In sum, if there were no distinction between the respective qualifications and if there were no need for informing the public of the differences, then the requirements and mandates contained in section 6509 and subdivision 3 of section 6512 of the Education Law would be completely meaningless.

We are at odds with that statement contained in the minority opinion that “ the degree today earned by a graduate from an osteopathic school apparently is the equivalent of that earned by an M.D.’ and merely indicates a specialty or additional training ’ ’, for the stipulated facts clearly state that any M.D. degree mentioned therein refers only to that granted by COM, and further that there is no claim that it “ is identical or equivalent with any M.D. degree granted by any other professional school ”.

In sustaining petitioner’s contentions we note that our conclusion has been shared by the determination in Mitchem v. Perry (390 S. W. 2d 600 [Mo.]), which, coincidentally, deals with the same colleges and degrees appearing in the instant case. We note, further, that appellants in no way challenge respondent’s contention that the medical licensing authorities in the States of Alabama, Colorado, Indiana, Mississippi, Missouri, New Jersey, Oklahoma, Oregon, Rhode Island and Texas have denied recognition to, and have declined to inscribe, the California College of Medicine “ M.D.” degree here in question.

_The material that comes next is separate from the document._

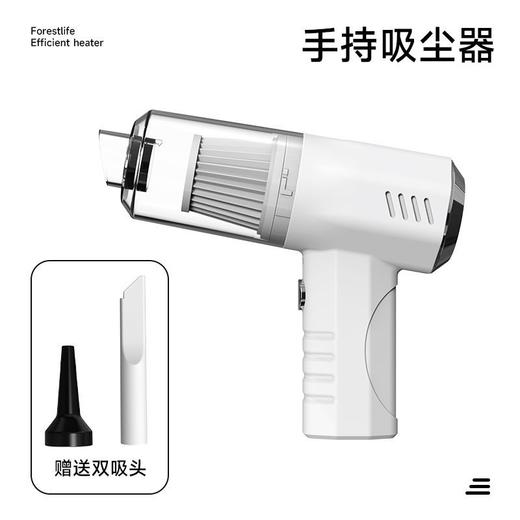 【一机搞定，全屋除螨！】新款除螨仪家用床上充电USB无线吸尘器，宠物家用手持小型除螨仪，洁净除端，轻松清理家里每个角落。ry 商品图4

Of more than passing interest, those physicians similarly situated as the interveners, but practicing in California, were, upon the changeover, compelled to make a choice whether to continue with the use of D.O. or change to M.D., to the exclusion óf D.O. The statutory scheme of licensing in New York cannot be interpreted to grant greater rights and privileges and, since they cannot be licensed as M.D., they must be relegated to the use of the D.O. inscription.

It appears that the petitioner had sought correction of the inscriptions for some time, most of which was consumed with negotiations and conferences with appellants, and thus no claim *117of laches can be upheld since the complained-of violations also constitute a continuing failure to obey the statutes (Matter of Cash v. Bates, 301 N. Y. 258; Southern Leasing Co. v. Ludwig, 217 N. Y. 100, 104; Matter of Meyer v. Commissioner of Public Safety, 39 Misc 2d 608).

We are unable to agree with appellants that there should be a dismissal of the proceeding because of the nonjoinder of necessary parties, to wit, all New York State holders of “ D.O., M.D.” licenses. The instant proceeding being in the nature of mandamus, it was not necessary to proceed against anyone except that body or those bodies whose determination is sought to be reviewed. In any event, the question having been raised for the first time on appeal it cannot now be considered (Jones v. Gould, 200 N. Y. 18; 10 Carmody-Wait 2d, New York Practice, § 70:300, pp. 563-564).

We must also reject the contention that the intervenors were entitled to the additional inscription under the full faith and credit clause of the Constitution for if we were to assume that an M.D. degree, even if obtained in the ordinary and usual manner, constitutes a license to practice medicine, it would still not be entitled to automatic recognition by virtue of this clause. (State v. Rosenkrans, 30 R. I. 374, affd. 225 U. S. 698.) Finally, appellants erroneously urge that they are being deprived of a property right in violation of the due process clause of the Constitution and will sustain economic loss. Distinctions made by the Education Law among differing medical practitioners have been held to be proper (Wasmuth v. Allen, 14 N Y 2d 391, app. dsmd. 379 U. S. 11) and should be here followed.

The action of the appellants obviated the clear intent of the quoted sections of the Education Law and constituted an arbitrary and discriminatory act which impels us to uphold the determination appealed from.

The judgment should be affirmed, with costs.